AK Parti iktidarının Türkiye'yi çatışma ve cepheleşme sürecine kilitlediğini, millî değerlerin tahrip edildiğini vurgulayan Büyükataman, Başbakan Erdoğan'ın yönetimi altında Türkiye'nin, Türk milletinin teslim alınarak parçalanmak istendiğini öne sürdü. Ataman şunları söyledi: "Tehlike, Türk milletinin bekası ile ilişkilidir. Tehlike, Türk devletinin hükmü şahsiyetiyle ilgilidir. Türk'ün varlığı, bin yıllık kardeşlik hukuku ve milli bağımsızlığımız tehdit altındadır. İçte ve dışta buldukları destekle; Türk milleti ile yarım kalmış hesabı olanlar, Ecdadımızın şanlı tarihinden utanç duyanlar, Türk devletini asırlık emellerine engel görenler, kendilerini işgal güçlerinin komiseri sananlar, güzel vatanımızı, aziz milletimizi Sevr şartlarına götürmek istemektedir. İçinden geçtiğimiz bugünkü zaman diliminde; koltuğunu kaybetmemek için çırpınan, ihanetlerini örtmek için kıvranan, rezaletlerini gizlemek için çirkefleşen ve bahaneler ürettikçe batan bir hükümetle yüz yüzeyiz. İktidar Türkiye'yi yorgun düşürmüştür. İktidar Türkiye'yi çatışma ve cepheleşme sürecine kilitlemiştir. AKP iktidarı yolsuzluk olup çıkmıştır. AKP iktidarı gayrimeşru kazanç kapısı hâline gelmiştir. Yeri gelince kul hakkından, yeri gelince de haktan ve hukuktan bahsedenler heybelerini haramla doldurmuştur. Yolsuzluk mahzeninin kapısı açılmış, pis kokular her tarafa yayılmıştır. Soruşturmalar sonuna kadar sürdürülmeli, ucu kime değerse değsin söz konusu hukuki süreç sağlıklı ve düzgün şekilde ilerletilmelidir."

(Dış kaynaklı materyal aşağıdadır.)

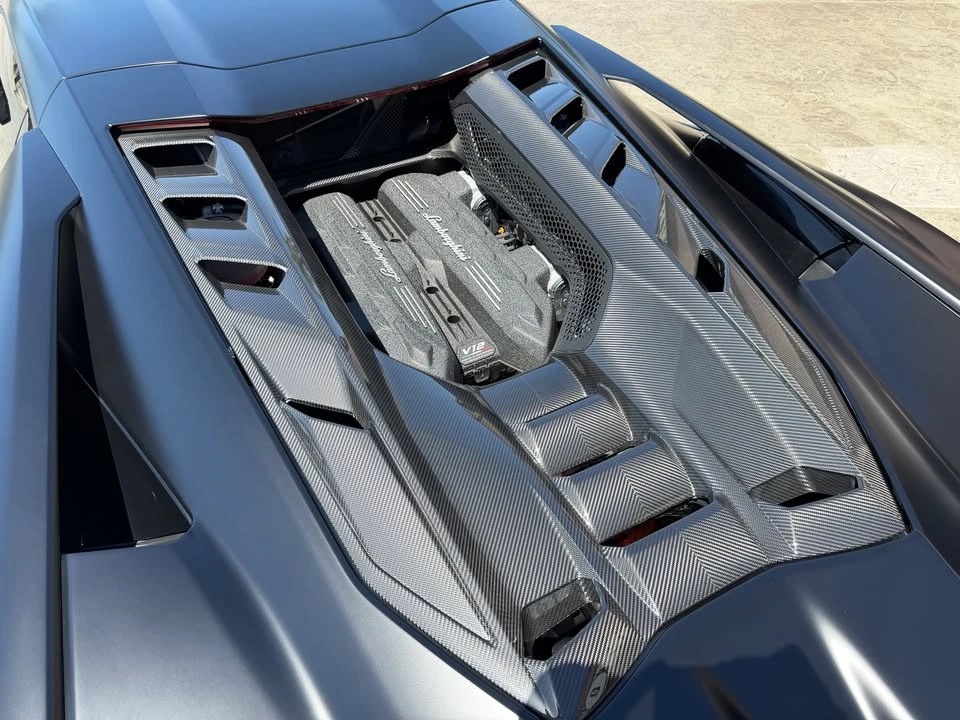 2025 Lamborghini Revuelto - Image 10 of 20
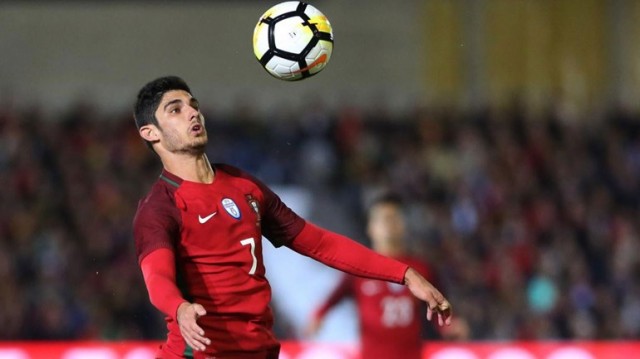 Guedes colabora en la remontada de Portugal ante Egipto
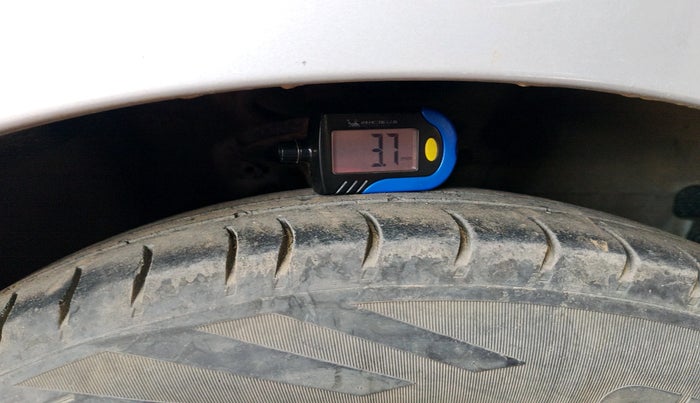 2013 Hyundai i10 MAGNA 1.1, Petrol, Manual, 1,18,810 km, tyre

'PİSLİKLERİN ÜZERİ 'ZAMANLAMA MANİDAR' AÇIKLAMALARIYLA ÖRTÜLMEYE ÇALIŞILIYOR'

Başbakan Erdoğan ve yol arkadaşlarının rüşvet ve yolsuzluğa battığını ileri süren İsmet Büyükataman, "Rüşvet ve yolsuzluğu gizleme telaşıyla, kavram kalpazanlığına soyunmuş, yolsuzluğun adını 'Dış güçler', rüşvetin adını 'paralel devlet' ve devleti soyup soğana çevirmenin adını ise 'Haşhaşiler' olarak açıklamışlardır. Ortaya çıkarılan pisliklerin üzeri 'Zamanlama manidar' açıklamalarıyla örtülmeye çalışılır hâle gelmiştir. Başbakan bilmelidir ki, ifade ettiği gibi bunlar ne örgüt, ne virüs, ne Haşhaşi, ne de dış güçlerdir; kendisi de dâhil olmak üzere bunlar sadece ve sadece 'Pompei kalıntıları'dır. Dünya tarihi ibretlik olaylarla doludur. Bunlardan bugün en çok ibret alınması gerekenlerden biri günümüzde taşa dönmüş cesetleri ortaya çıkarılan Pompei halkıdır." ifadelerini kullandı.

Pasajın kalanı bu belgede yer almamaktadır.